------ Record extracts ------

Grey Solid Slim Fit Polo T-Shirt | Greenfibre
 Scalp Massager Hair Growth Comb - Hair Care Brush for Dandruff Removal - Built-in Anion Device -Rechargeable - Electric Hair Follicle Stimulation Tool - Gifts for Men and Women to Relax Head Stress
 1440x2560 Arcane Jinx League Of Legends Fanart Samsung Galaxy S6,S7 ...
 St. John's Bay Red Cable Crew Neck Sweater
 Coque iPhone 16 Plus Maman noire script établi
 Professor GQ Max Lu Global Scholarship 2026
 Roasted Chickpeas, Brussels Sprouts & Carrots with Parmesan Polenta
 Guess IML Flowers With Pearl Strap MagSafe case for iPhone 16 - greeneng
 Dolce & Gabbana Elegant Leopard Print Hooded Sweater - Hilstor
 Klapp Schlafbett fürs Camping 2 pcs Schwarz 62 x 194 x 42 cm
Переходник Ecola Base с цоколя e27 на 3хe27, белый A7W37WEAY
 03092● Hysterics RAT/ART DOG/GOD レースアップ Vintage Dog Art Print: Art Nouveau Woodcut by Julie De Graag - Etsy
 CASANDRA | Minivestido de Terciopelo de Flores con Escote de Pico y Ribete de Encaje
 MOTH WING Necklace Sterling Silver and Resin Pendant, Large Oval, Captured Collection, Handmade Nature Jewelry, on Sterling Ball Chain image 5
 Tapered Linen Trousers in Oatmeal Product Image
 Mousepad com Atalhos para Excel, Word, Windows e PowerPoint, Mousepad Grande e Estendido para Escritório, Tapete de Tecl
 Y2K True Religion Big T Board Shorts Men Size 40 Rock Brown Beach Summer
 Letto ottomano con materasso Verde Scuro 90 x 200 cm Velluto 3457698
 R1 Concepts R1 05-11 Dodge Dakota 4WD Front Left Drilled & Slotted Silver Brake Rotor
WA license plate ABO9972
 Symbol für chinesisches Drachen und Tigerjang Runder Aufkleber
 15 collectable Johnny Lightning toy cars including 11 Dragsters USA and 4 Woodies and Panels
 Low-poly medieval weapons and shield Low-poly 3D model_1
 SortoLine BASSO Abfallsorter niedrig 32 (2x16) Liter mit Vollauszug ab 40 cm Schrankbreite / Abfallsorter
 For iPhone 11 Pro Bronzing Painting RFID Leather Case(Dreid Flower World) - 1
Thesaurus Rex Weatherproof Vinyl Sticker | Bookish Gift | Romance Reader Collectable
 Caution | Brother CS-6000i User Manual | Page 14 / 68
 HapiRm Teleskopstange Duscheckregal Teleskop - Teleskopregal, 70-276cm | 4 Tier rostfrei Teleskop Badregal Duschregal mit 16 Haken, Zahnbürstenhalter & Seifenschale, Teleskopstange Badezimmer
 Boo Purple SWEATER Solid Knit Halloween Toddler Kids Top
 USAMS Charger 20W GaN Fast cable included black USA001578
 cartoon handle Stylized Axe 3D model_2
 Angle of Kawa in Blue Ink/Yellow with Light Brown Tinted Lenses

------

→ Task instructions:
Retype the entries exactly from the first line, stopping after the line with "Caution | Brother".

→ Task result:
Grey Solid Slim Fit Polo T-Shirt | Greenfibre
 Scalp Massager Hair Growth Comb - Hair Care Brush for Dandruff Removal - Built-in Anion Device -Rechargeable - Electric Hair Follicle Stimulation Tool - Gifts for Men and Women to Relax Head Stress
 1440x2560 Arcane Jinx League Of Legends Fanart Samsung Galaxy S6,S7 ...
 St. John's Bay Red Cable Crew Neck Sweater
 Coque iPhone 16 Plus Maman noire script établi
 Professor GQ Max Lu Global Scholarship 2026
 Roasted Chickpeas, Brussels Sprouts & Carrots with Parmesan Polenta
 Guess IML Flowers With Pearl Strap MagSafe case for iPhone 16 - greeneng
 Dolce & Gabbana Elegant Leopard Print Hooded Sweater - Hilstor
 Klapp Schlafbett fürs Camping 2 pcs Schwarz 62 x 194 x 42 cm
Переходник Ecola Base с цоколя e27 на 3хe27, белый A7W37WEAY
 03092● Hysterics RAT/ART DOG/GOD レースアップ Vintage Dog Art Print: Art Nouveau Woodcut by Julie De Graag - Etsy
 CASANDRA | Minivestido de Terciopelo de Flores con Escote de Pico y Ribete de Encaje
 MOTH WING Necklace Sterling Silver and Resin Pendant, Large Oval, Captured Collection, Handmade Nature Jewelry, on Sterling Ball Chain image 5
 Tapered Linen Trousers in Oatmeal Product Image
 Mousepad com Atalhos para Excel, Word, Windows e PowerPoint, Mousepad Grande e Estendido para Escritório, Tapete de Tecl
 Y2K True Religion Big T Board Shorts Men Size 40 Rock Brown Beach Summer
 Letto ottomano con materasso Verde Scuro 90 x 200 cm Velluto 3457698
 R1 Concepts R1 05-11 Dodge Dakota 4WD Front Left Drilled & Slotted Silver Brake Rotor
WA license plate ABO9972
 Symbol für chinesisches Drachen und Tigerjang Runder Aufkleber
 15 collectable Johnny Lightning toy cars including 11 Dragsters USA and 4 Woodies and Panels
 Low-poly medieval weapons and shield Low-poly 3D model_1
 SortoLine BASSO Abfallsorter niedrig 32 (2x16) Liter mit Vollauszug ab 40 cm Schrankbreite / Abfallsorter
 For iPhone 11 Pro Bronzing Painting RFID Leather Case(Dreid Flower World) - 1
Thesaurus Rex Weatherproof Vinyl Sticker | Bookish Gift | Romance Reader Collectable
 Caution | Brother CS-6000i User Manual | Page 14 / 68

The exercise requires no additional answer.